At the Phoenix Symphony, the union rules for the orchestra are such that they get paid a substantial amount more if the concert running time exceeds 2 hours and 30 minutes. Accordingly, encores are extremely rare, even when world class soloists are in town. I have only seen one in the last 10 years myself; the soloist on Gershwin's Rhapsody in Blue did an encore of Billy Joel's "Scenes From an Italian Restaurant."

What is it like where you live? Are these same union rules in effect elsewhere in the US? What is it like for our TC friends all over the world?


----------



## mbhaub (Dec 2, 2016)

bharbeke said:


> At the Phoenix Symphony, the union rules for the orchestra are such that they get paid a substantial amount more if the concert running time exceeds 2 hours and 30 minutes. Accordingly, encores are extremely rare, even when world class soloists are in town. I have only seen one in the last 10 years myself; the soloist on Gershwin's Rhapsody in Blue did an encore of Billy Joel's "Scenes From an Italian Restaurant."
> 
> What is it like where you live? Are these same union rules in effect elsewhere in the US? What is it like for our TC friends all over the world?

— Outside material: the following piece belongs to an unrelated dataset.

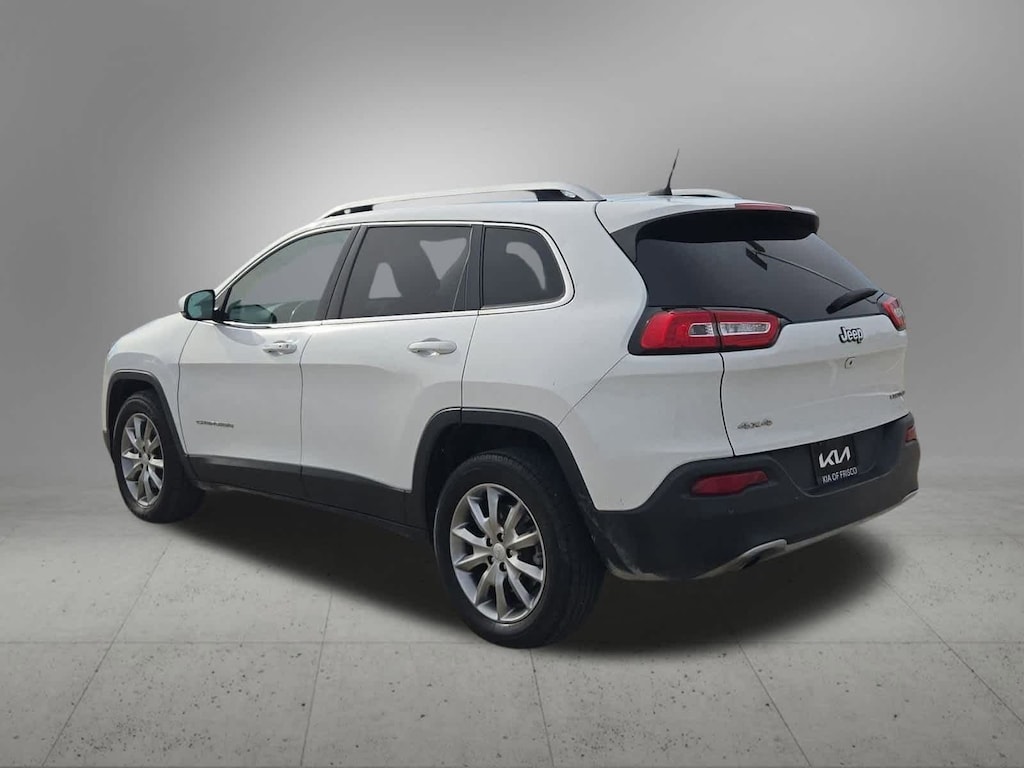 Used 2018 Jeep Cherokee Limited SUV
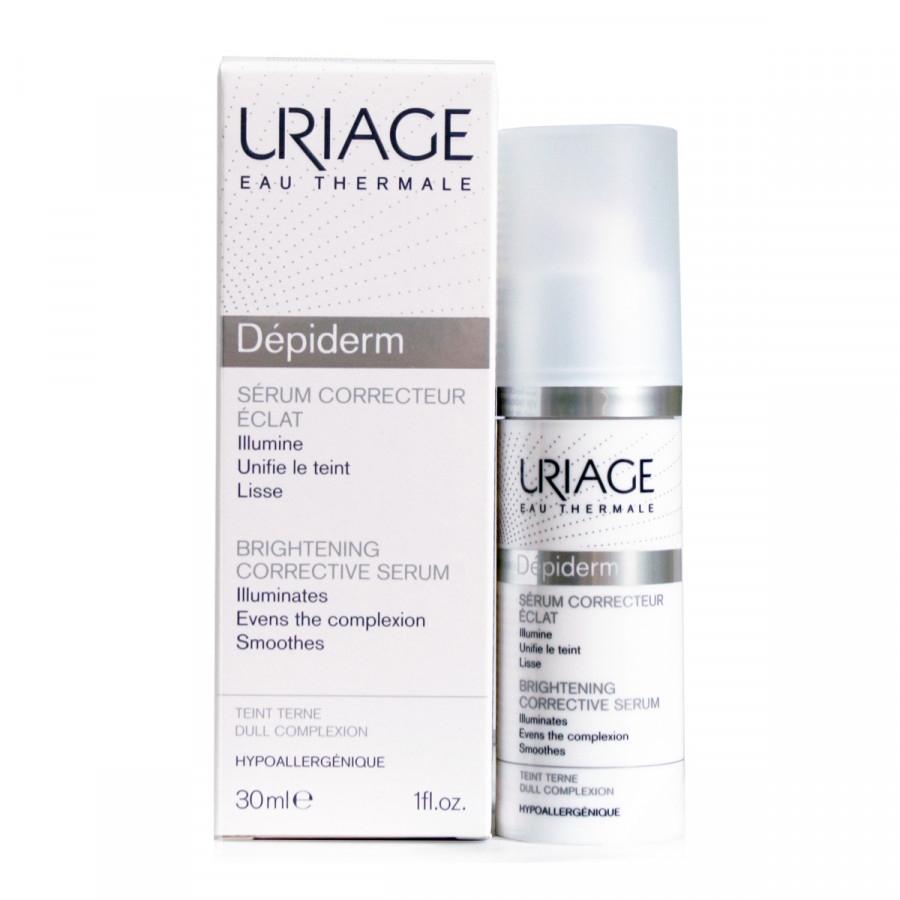 Uriage Depiderm Serum Correcteur Eclat: Tinh Chất Dưỡng Trắng Da (30 ml)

I've been going to Phoenix Symphony concerts for 52 years and they have never done encores sadly enough. Only at pops concerts perhaps. BTW, that was an excellent Mahler 1st a couple of weeks ago. Very exciting and frankly much better than the LA Phil with Dudamel when they came to town. I hope Tito can get them reorganized so they can do a Mahler symphony every year; it's been a long, dry spell.


----------



## BBSVK (10 mo ago)

I am in Slovakia and we have encores, especially when stars are visiting, but I don't think the time exceeds 2h 30 mins.


----------



## EdwardBast (Nov 25, 2013)

Soloists with the NY Phil, the Boston Symphony, and other places I've worked routinely performed encores. I think the artistic directors just left time for it when they scheduled the works for the concert so that they wouldn't have to pay overtime. If the audience makes enough noise it's hard to stop.


----------



## Radames (Feb 27, 2013)

About half the time soloists do encores in my experience at concerts ranging from Boston to Albany to Montreal to Ottawa. Mitsuko Uchida didn't encore Beethoven's 5th concerto last week in Boston. We gave her 5 minutes of applause. I remember some pianist playing a Bach encore at some concert. Montreal maybe.


----------